Ms. McCartney puts herself right up there with the best of the Lovetts. Her powerful and clear voice handles the vocal demands of the role quite perfectly. She's a better singer than Lansbury and nearly as funny, and a less mannered singer and a more versatile comedienne than LuPone. Her Nellie Lovett is earthy and maternal—duplicitous, yes, but for reasons she believes are all in everyone's best interest. McCartney ought to be a top go-to gal for Mrs. Lovett from here on in based on this performance. Her co-star Edelman, on the other hand, is capable, but not a Sweeney for the ages. He can sing the part well enough (though I heard his voice crack a few times in his higher register), but he doesn't show Sweeney's descent into madness dramatically enough or with much nuance. Edelman's Sweeney is an understandably defeated man—who wouldn't be after 15 years in prison after an unjust conviction that tore him away from wife and daughter? But mad enough to become a serial killer? Not really.

Edelman's difficulties may be attributable to the direction, which keeps the villains from seeming too wicked and sands the edges of them all. Judge Turpin (Kevin Gudahl)—the heartless jurist who would sentence children to death, falsely convict Sweeney to get at the wife whom he lusts after, abuse her when he gets the chance, and seek to marry their teenage daughter—is shown here to lack self-awareness rather than possess an evil heart. (And of course, his self-flagellating "Mea Culpa" is not performed here.) His Beadle, played by George Andrew Wolff, is more a pretentious fop than a threatening toady. And Tobias, played by the teenager Jonah Rawitz, seems to be a pretty decent kid from the neighborhood without a lot of issues, despite the fact that he's been abducted for slave labor by the dastardly Pirelli, the charlatan barber who threatens to expose Sweeney as an escaped convict. The sum of all this is that, while the cast gives effective comic performances, their limited menace makes the musical's transition into the murderous actions of the last half-hour sudden and awkward. Further, the tone of the performances isn't always a perfect fit to the shadowy and spooky environment created by set designer Kevin Depinet and lighting designer Jesse Klug.

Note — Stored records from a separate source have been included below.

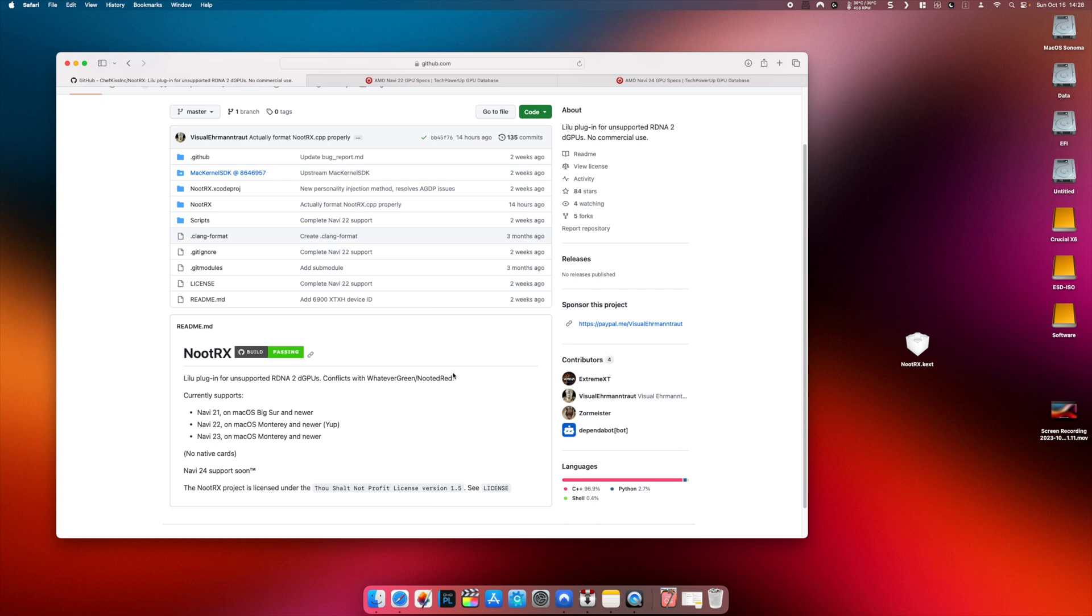Hopefully this kext will help you to run your 6700 XTs on the latest macOS. Some people in the community already managed to install the kext and run Navi22 GPUs with successful results.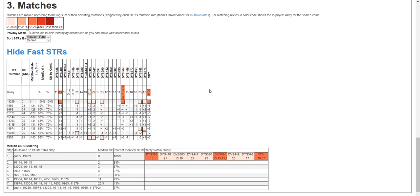He doesn't have any close relatives, but you see he shows up as his own match because he's joined a public project. All these other guys are very distantly related.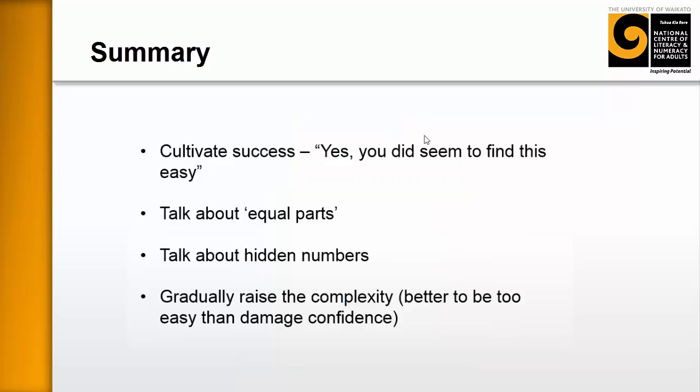In summary, this activity is designed to cultivate success. You want to talk about equal parts, you could begin to talk about hidden numbers, what happens to one side must happen to the other side. And we'll talk about this on the next section and gradually raise the complexity. But it's better to be too easy than to damage the confidence. So you really do want them leaving feeling like this was easy. Because things will heat up very quickly and they'll get to apply their knowledge here to other things.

Even so, the fresh take on the characters and the nearly uniform strength of the vocals make this Sweeney an entertaining and musically satisfying journey. The production boasts first-rate Anthony and Johannas—he (Travis Taylor) all stalwart and steadfast, she (Emily Rohm) a ditzy blonde with the voice of an angel. Exceptional singing is also heard from Gudahl, Wolff, Heidi Kettenring (as the Beggar Woman), and George Keating (a full-voiced and funny Pirelli). The ensemble's vocals soar as well. There are a few disappointments—Rawitz is a little breathy in "Not While I'm Around" and Garth Helm's sound design is a little tinny and over amplified—but on the whole this is a terrific performance of the score, with Jonathan Tunick's original orchestrations skillfully reduced by Carey Deadman.

The production design makes effective use of the smallish Drury Lane stage, with a bridge running diagonally across it. A series of rubber strips—much like those one might find in a meat locker—hang from it. Joanna's second-story window is played from the bridge and, on that upper level, some effective projections by Mike Tutaj establish the 19th century London setting. Projected blood drips down the screen whenever Sweeney disposes of a victim. A rolling house serves as the bake shop/barbershop—and in a most ingenious touch, we see silhouettes of Sweeney's victims falling from the second level barber shop through the bake shop (behind a translucent panel) into the trap door into the stage. The costumes by Theresa Ham are as stunning as may be seen anywhere.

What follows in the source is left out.